This book is ever so much better than Ms. Irving's. For one thing, it provides a much better introduction for beginners to read about and to begin to understand the subtle issues of racism. I think part of this is that Mr. Wise grew up in modest circumstances, so his white privilege wasn't augmented by an additional layer of country-club privilege. I'm not sure Ms. Irving understood that augmented privilege she had. So, some of her arguments fell flat because those of us not born to the country club could see that some of the advantages she was experiencing weren't about whiteness so much as being born with a silver spoon in her mouth. Of course, being able to be part of the country-club set is also very much about being white, unless you might be O.J. Simpson.

Anyway, much of the advantage our skin color (or perhaps lack of it) provides us has to do with expectations and opportunities. We white folks, don't have anyone look at us strangely like perhaps we're not qualified, before we even open our mouths. Rather, we're assumed qualified until we prove we're not. This is not the case with people of color, who must find ways to prove their worthiness before they are deemed qualified. We white folks never have to worry that politicians will structure voting rights so that we are disadvantaged with respect to people of color. Not so people of color. Within a week or so after the Roberts Supreme Court overturned the voting rights act, people in some states, like North Carolina and Texas were falling all over themselves to find insidious ways to deny voting rights to people of color. Yes, a few poor whites got caught in the cross fire, so to speak, but the bills were specifically designed primarily to deny the vote to people of color. Some of us white folks complain about affirmative action plans which guarantee a few seats for people of color in our universities, but don't even blink at the white affirmative action going on with "legacy admissions", which overwhelmingly accrue to white folks.

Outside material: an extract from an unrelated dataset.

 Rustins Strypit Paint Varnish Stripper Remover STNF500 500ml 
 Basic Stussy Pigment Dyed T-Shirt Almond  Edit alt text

And so, the beat goes on. The first step to mitigating the problem of racism is to recognize it. This book is a good beginning. The solution to racism isn't just to pretend it's gone the way the Klu Klux Clan (which a recent Presidential candidate has helped regain traction in our society), but to recognize when we are obtaining privileges other people are not, and to get us to work to level the playing field for all. ( )
  lgpiper | Jun 21, 2019 |
Tim Wise offers a highly personal examination of the ways in which racial privilege shapes the lives of most white Americans, overtly racist or not, to the detriment of people of color, themselves, and society.
  JRCornell | Dec 8, 2018 |
I believe white privilege is detrimental for whites as well as obviously for folks of color. Tim Wise does a good job tuning into memorable details that can help us counteract white privilege in our daily lives and slowly disassemble it. ( )
  Lylee | Apr 3, 2016 |
Tim Wise is an idiot. No, he's worse than that. He's an intelligent man who chooses to waste his intelligence spewing the hateful nonsense that fills the pages of books like this one. ( )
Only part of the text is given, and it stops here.